**Task instructions**
Give back exactly the line containing "Load image into" and all that follow it in the data below, with the pictures left out.

**Recorded information**
....

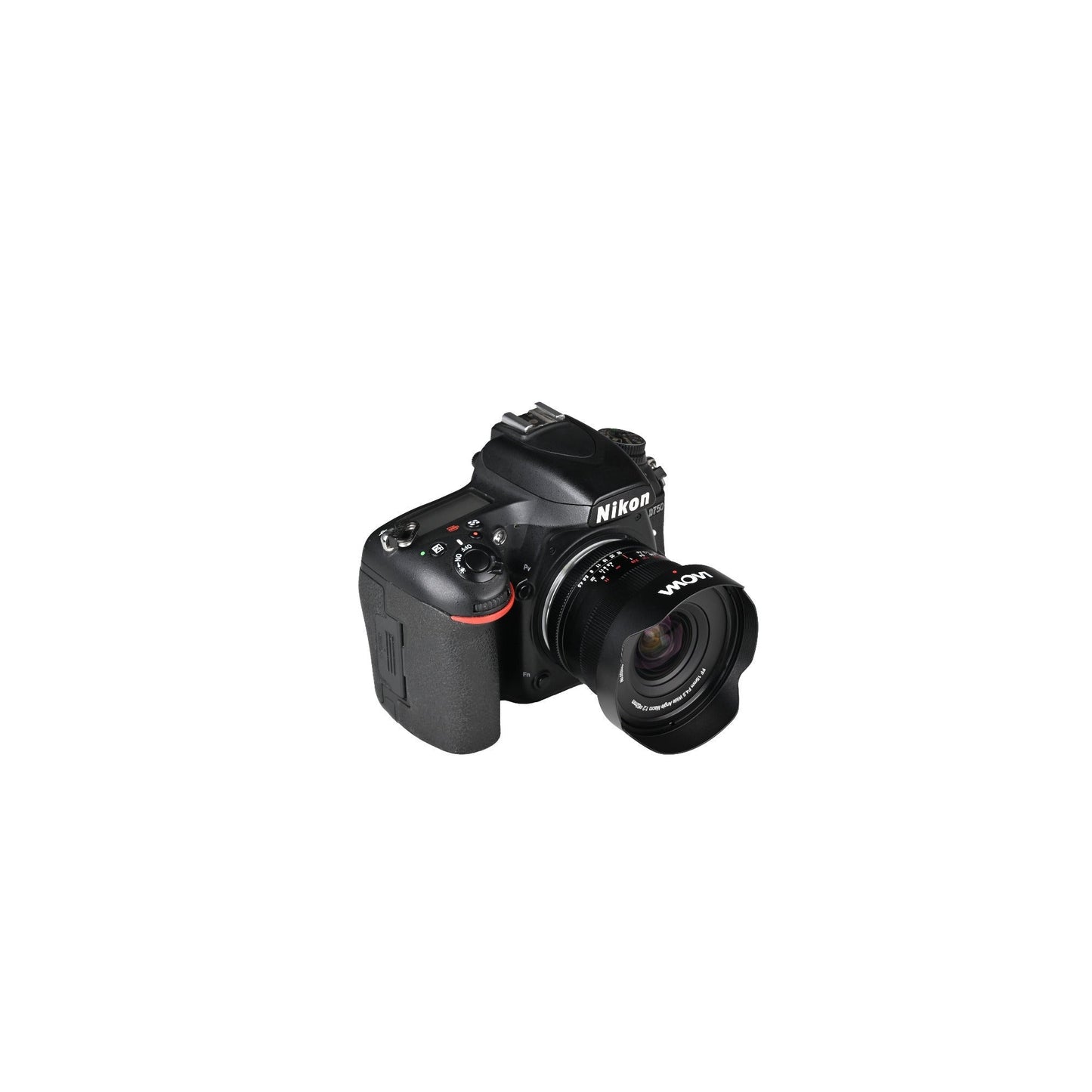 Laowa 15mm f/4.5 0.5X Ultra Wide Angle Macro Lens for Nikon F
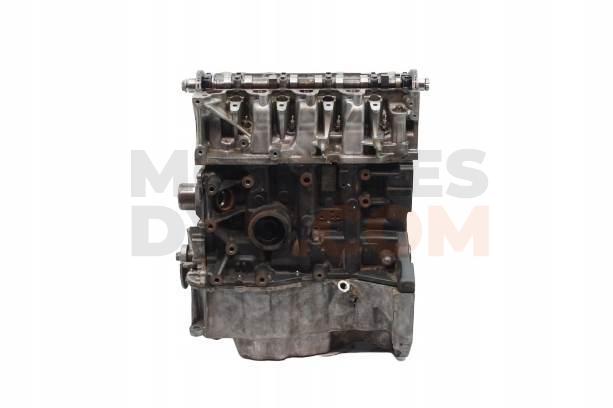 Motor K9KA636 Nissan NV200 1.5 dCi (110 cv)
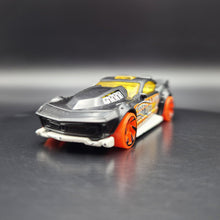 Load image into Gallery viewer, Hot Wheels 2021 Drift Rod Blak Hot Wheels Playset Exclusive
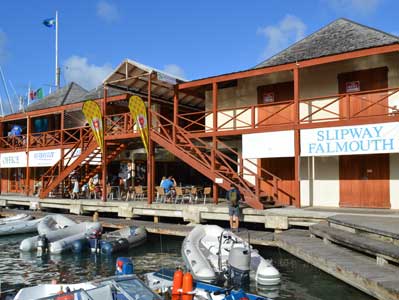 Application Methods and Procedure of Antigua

....

**Solution**
 Load image into Gallery viewer, Hot Wheels 2021 Drift Rod Blak Hot Wheels Playset Exclusive
 Application Methods and Procedure of Antigua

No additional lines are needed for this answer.